How to complete this task » Leaving the pictures aside, transcribe the data below exactly.

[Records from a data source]
════════
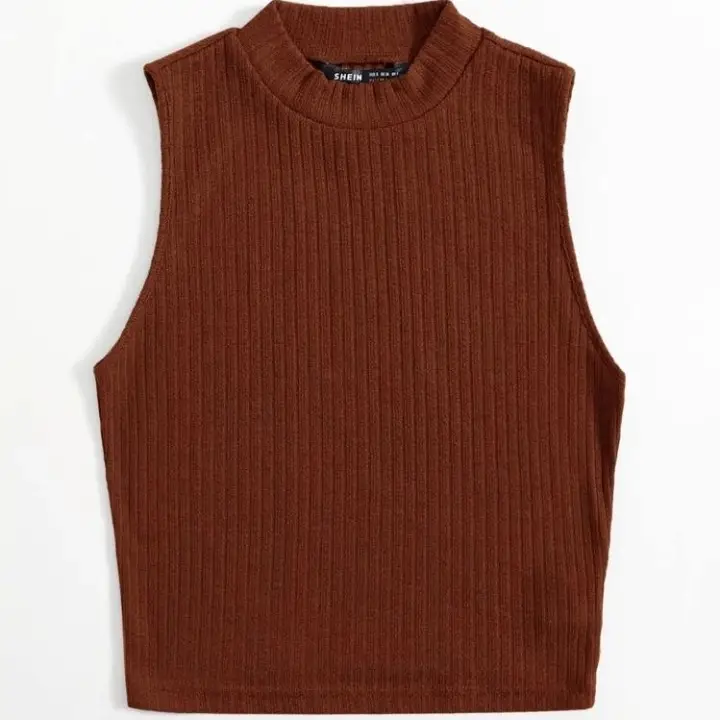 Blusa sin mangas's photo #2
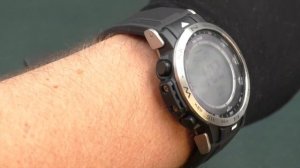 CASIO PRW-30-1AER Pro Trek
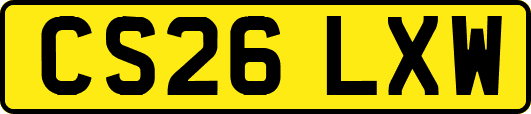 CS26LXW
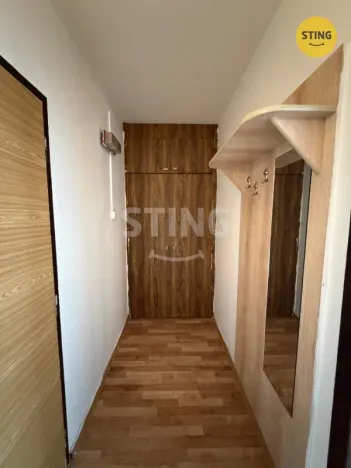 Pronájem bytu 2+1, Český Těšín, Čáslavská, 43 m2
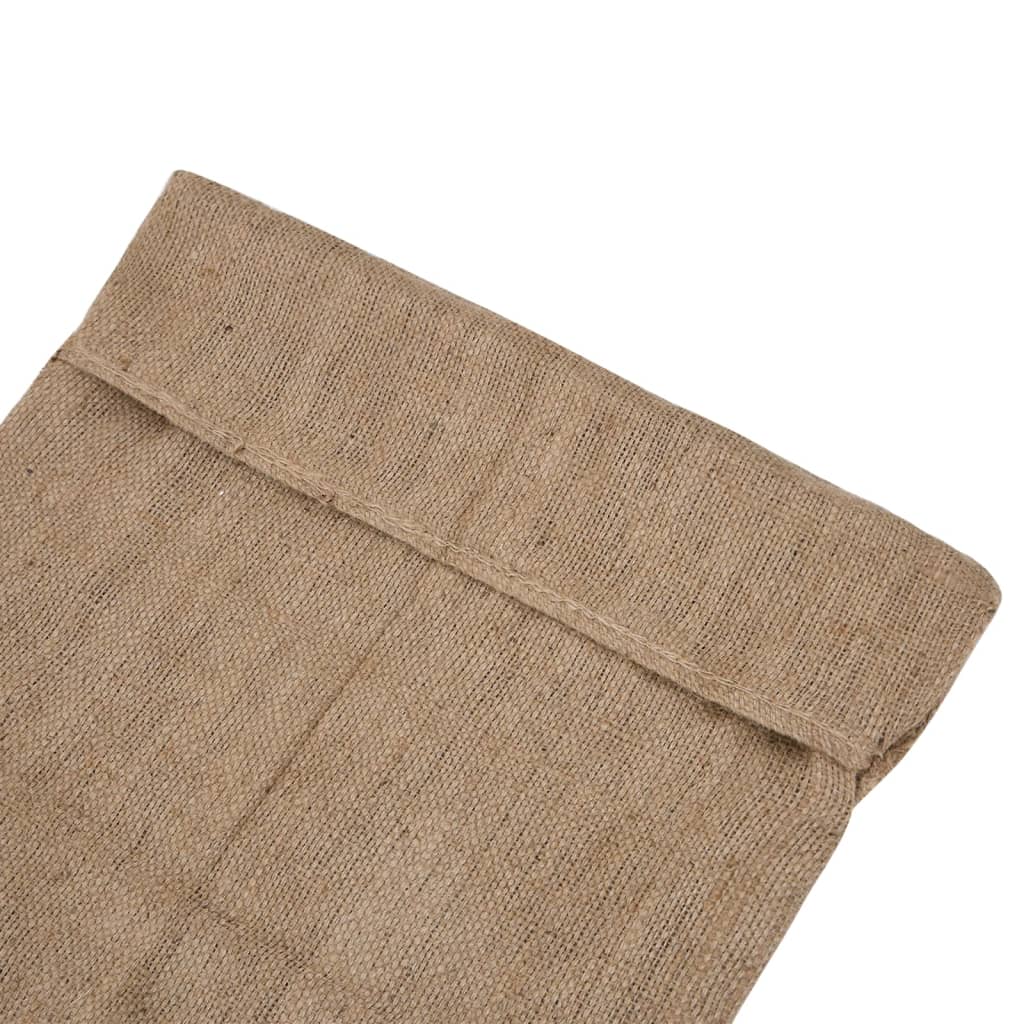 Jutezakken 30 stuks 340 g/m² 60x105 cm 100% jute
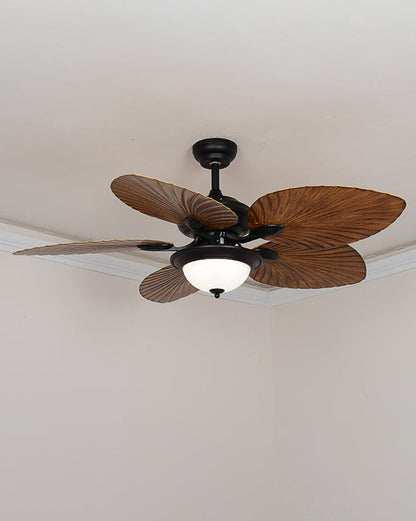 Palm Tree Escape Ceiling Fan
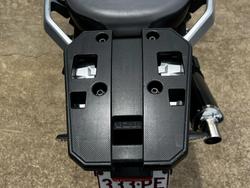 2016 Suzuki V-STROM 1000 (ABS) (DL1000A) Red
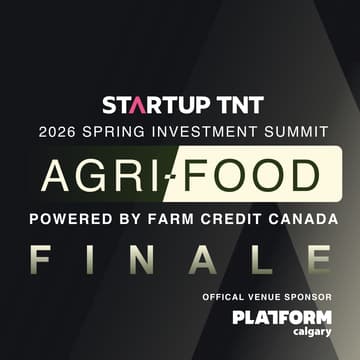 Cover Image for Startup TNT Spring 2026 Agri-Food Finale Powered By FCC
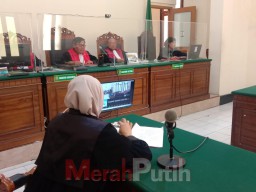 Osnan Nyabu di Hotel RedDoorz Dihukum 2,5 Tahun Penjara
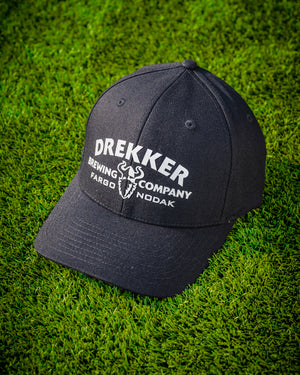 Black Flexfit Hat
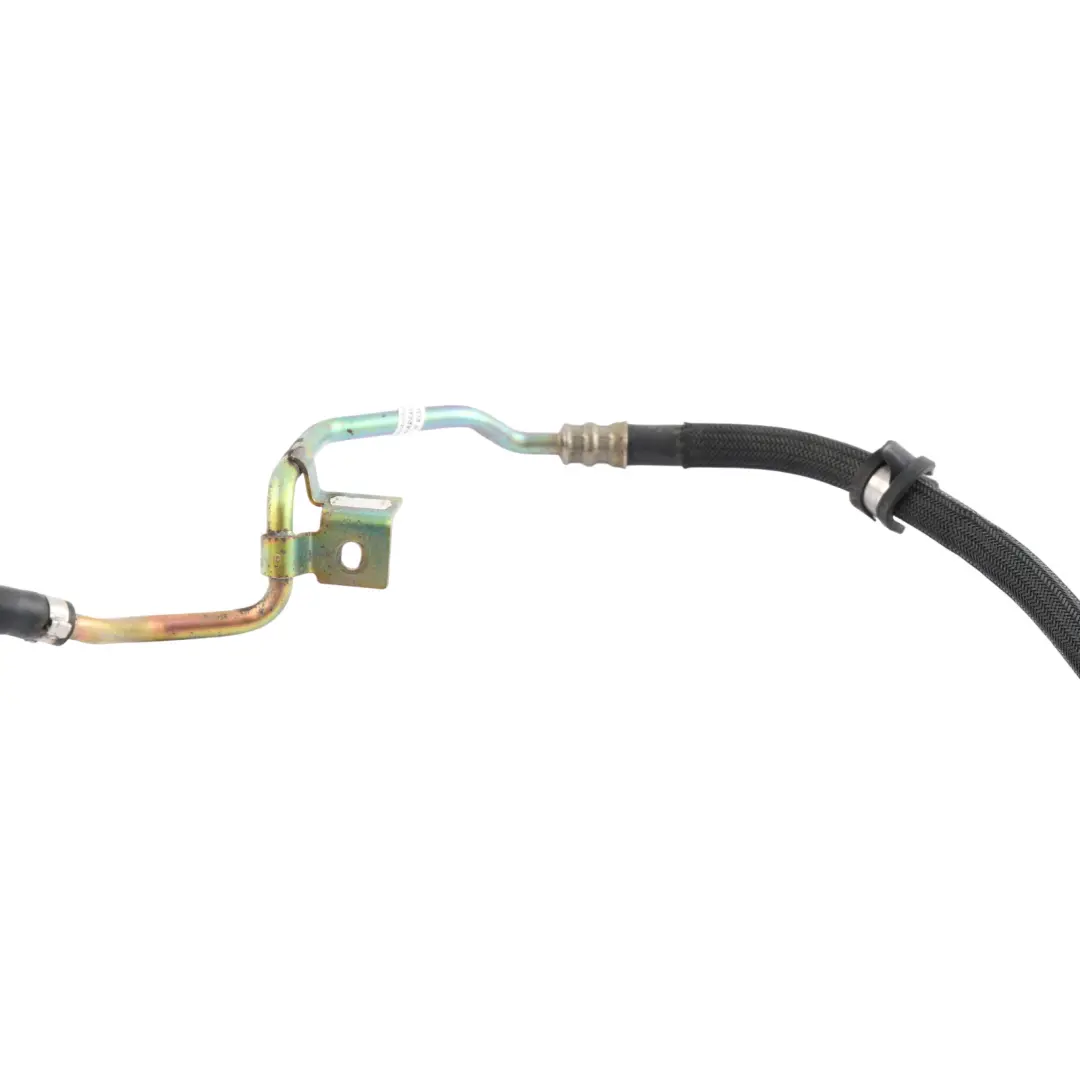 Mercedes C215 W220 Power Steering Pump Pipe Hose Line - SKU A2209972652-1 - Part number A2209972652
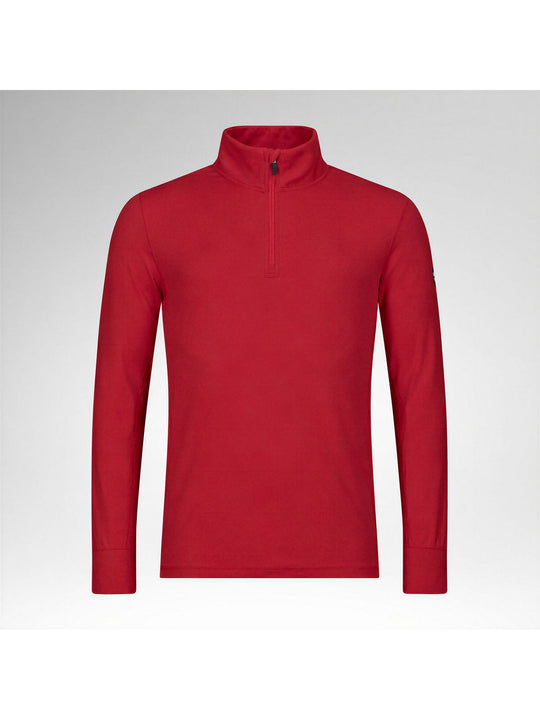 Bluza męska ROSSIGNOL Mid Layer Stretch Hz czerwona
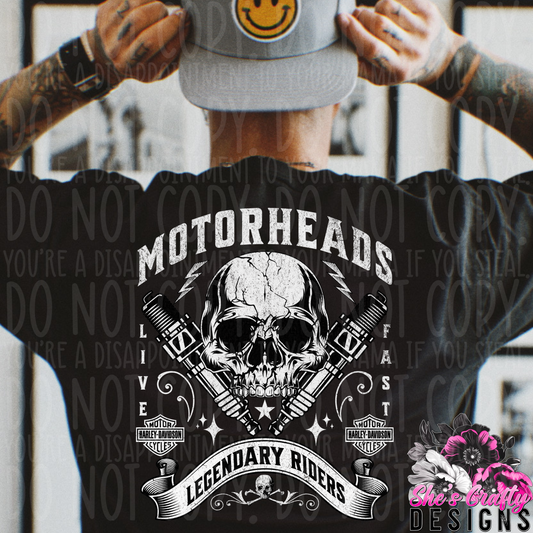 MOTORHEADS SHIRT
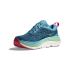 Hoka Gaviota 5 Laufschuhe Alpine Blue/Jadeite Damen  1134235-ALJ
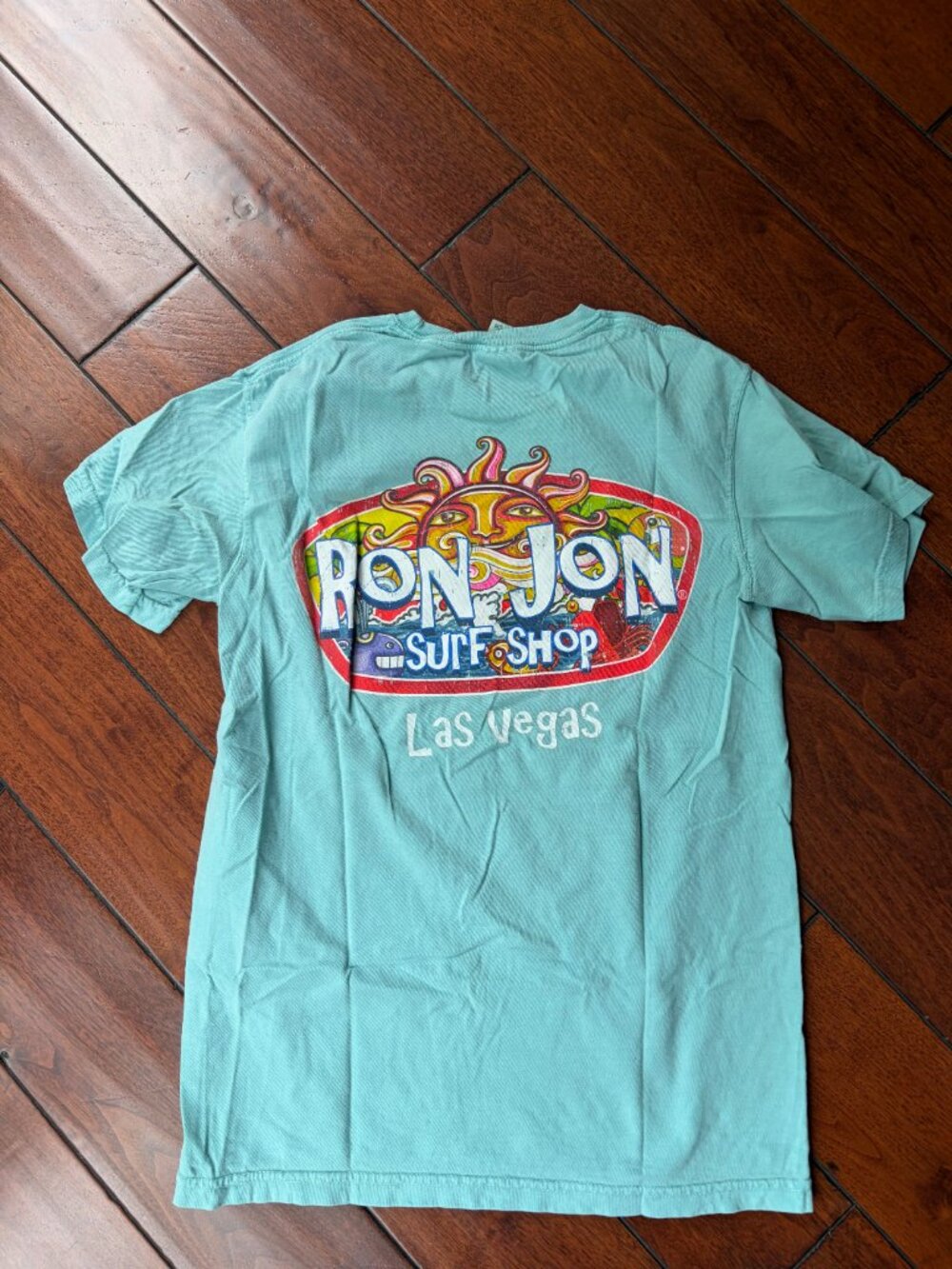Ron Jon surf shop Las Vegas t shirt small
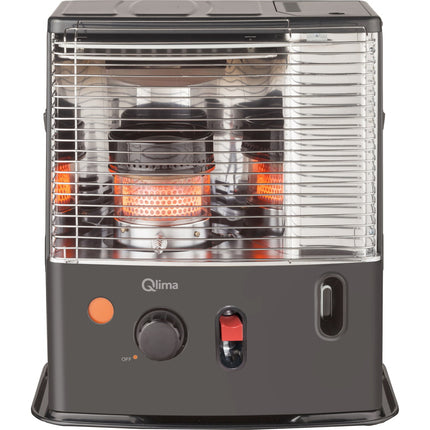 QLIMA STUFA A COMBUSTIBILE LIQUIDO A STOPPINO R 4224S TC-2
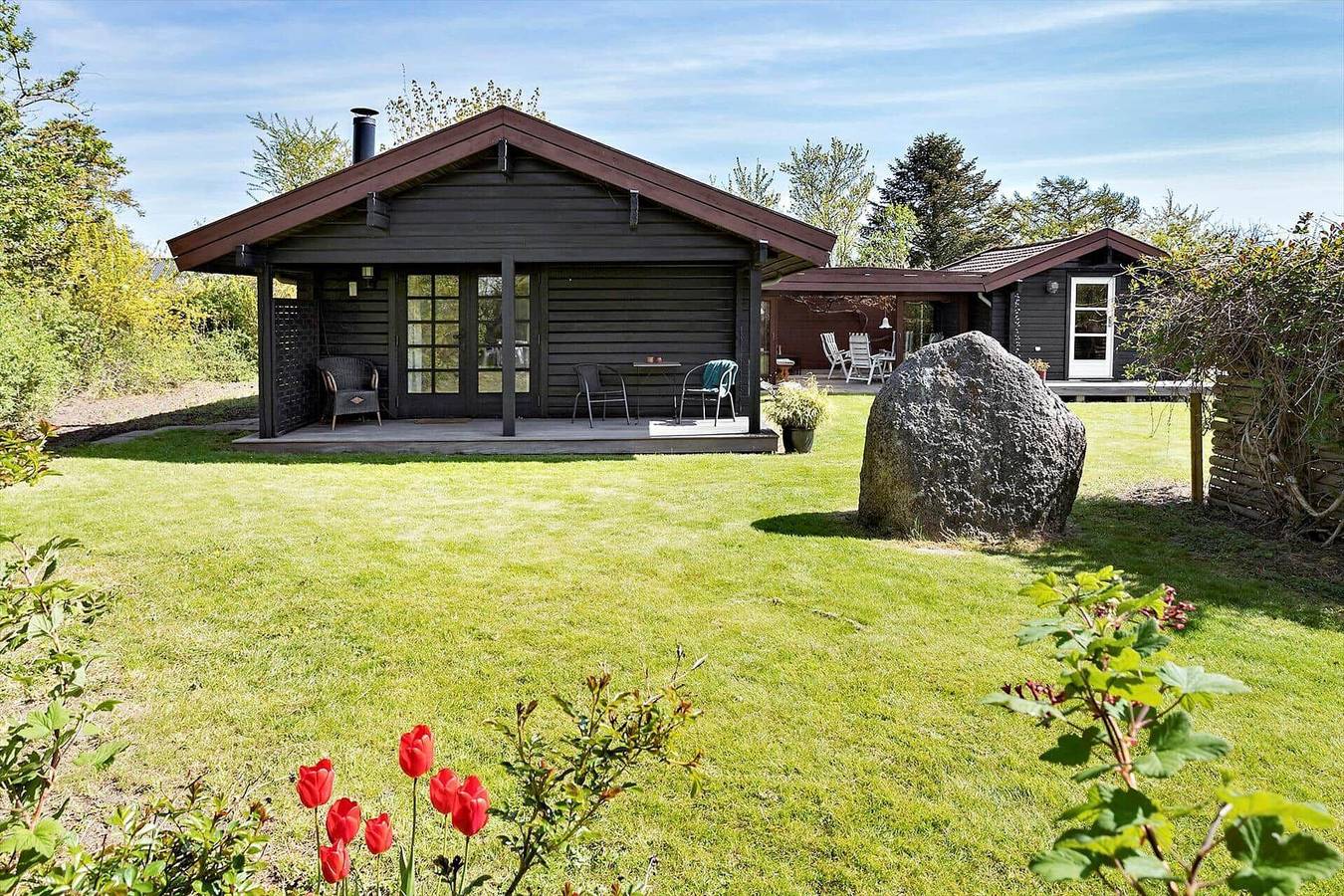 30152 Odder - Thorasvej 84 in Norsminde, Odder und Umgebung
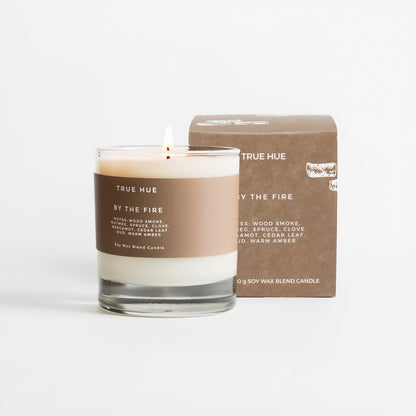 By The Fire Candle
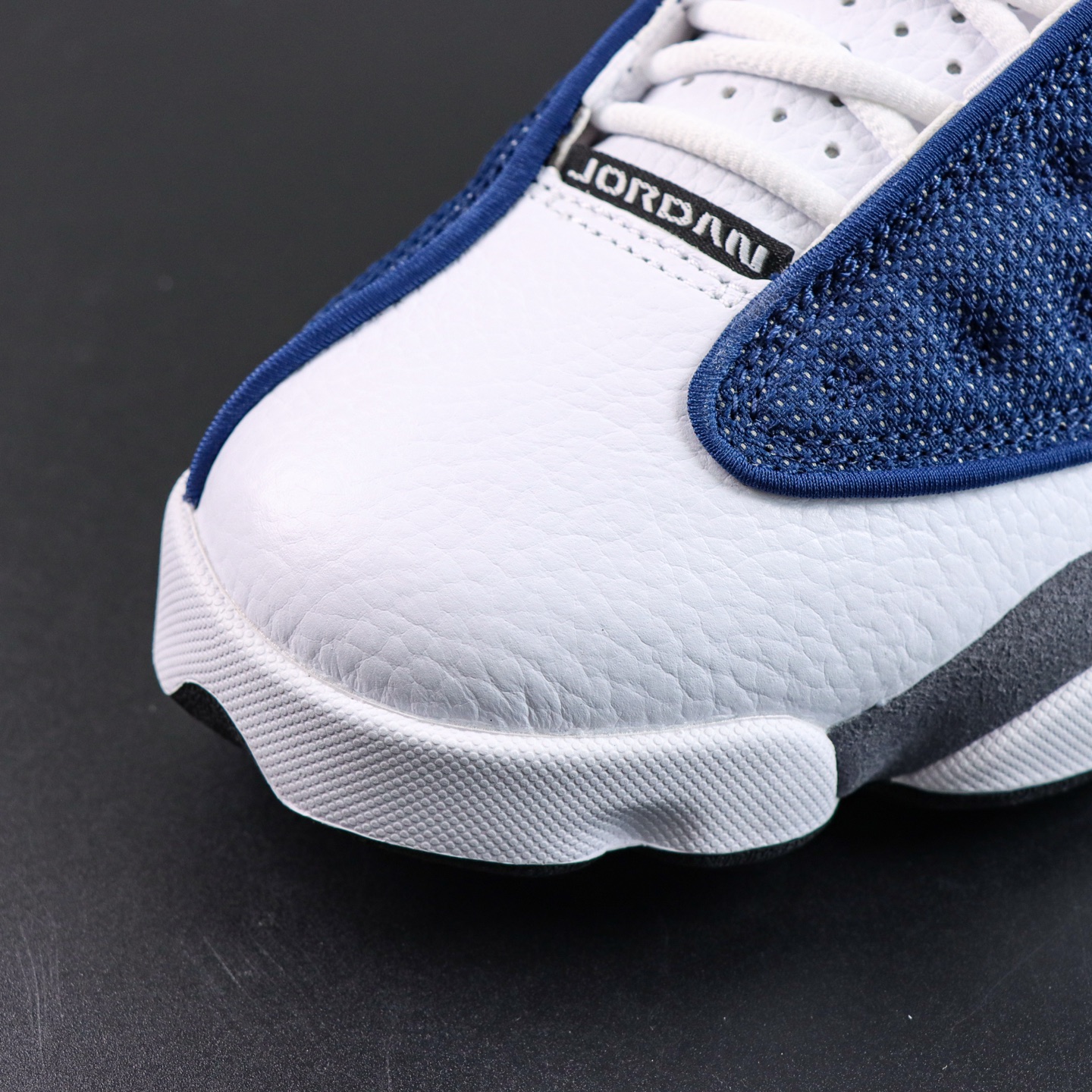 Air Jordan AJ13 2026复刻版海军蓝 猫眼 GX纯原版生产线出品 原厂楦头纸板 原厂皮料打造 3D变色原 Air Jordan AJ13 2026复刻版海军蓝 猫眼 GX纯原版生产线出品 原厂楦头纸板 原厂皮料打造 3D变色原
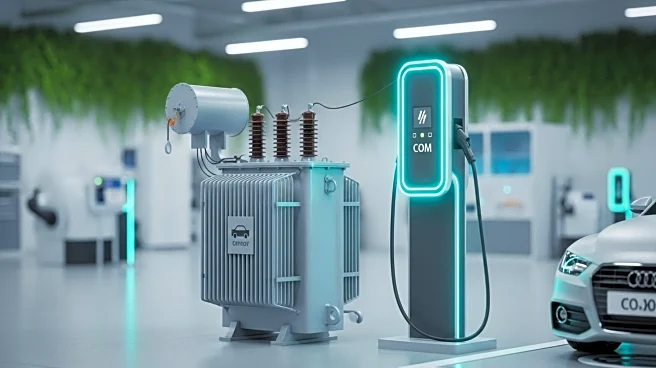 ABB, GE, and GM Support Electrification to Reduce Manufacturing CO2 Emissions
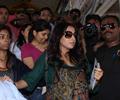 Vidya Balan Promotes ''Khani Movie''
════════
Task solution »
 Blusa sin mangas's photo #2
 CASIO PRW-30-1AER Pro Trek
 CS26LXW
 Pronájem bytu 2+1, Český Těšín, Čáslavská, 43 m2
 Jutezakken 30 stuks 340 g/m² 60x105 cm 100% jute
 Palm Tree Escape Ceiling Fan
 2016 Suzuki V-STROM 1000 (ABS) (DL1000A) Red
 Cover Image for Startup TNT Spring 2026 Agri-Food Finale Powered By FCC
 Osnan Nyabu di Hotel RedDoorz Dihukum 2,5 Tahun Penjara
 Black Flexfit Hat
 Mercedes C215 W220 Power Steering Pump Pipe Hose Line - SKU A2209972652-1 - Part number A2209972652
 Bluza męska ROSSIGNOL Mid Layer Stretch Hz czerwona
 MOTORHEADS SHIRT
 Hoka Gaviota 5 Laufschuhe Alpine Blue/Jadeite Damen  1134235-ALJ
Ron Jon surf shop Las Vegas t shirt small
 QLIMA STUFA A COMBUSTIBILE LIQUIDO A STOPPINO R 4224S TC-2
 30152 Odder - Thorasvej 84 in Norsminde, Odder und Umgebung
 By The Fire Candle
 Air Jordan AJ13 2026复刻版海军蓝 猫眼 GX纯原版生产线出品 原厂楦头纸板 原厂皮料打造 3D变色原 Air Jordan AJ13 2026复刻版海军蓝 猫眼 GX纯原版生产线出品 原厂楦头纸板 原厂皮料打造 3D变色原
 ABB, GE, and GM Support Electrification to Reduce Manufacturing CO2 Emissions
 Vidya Balan Promotes ''Khani Movie''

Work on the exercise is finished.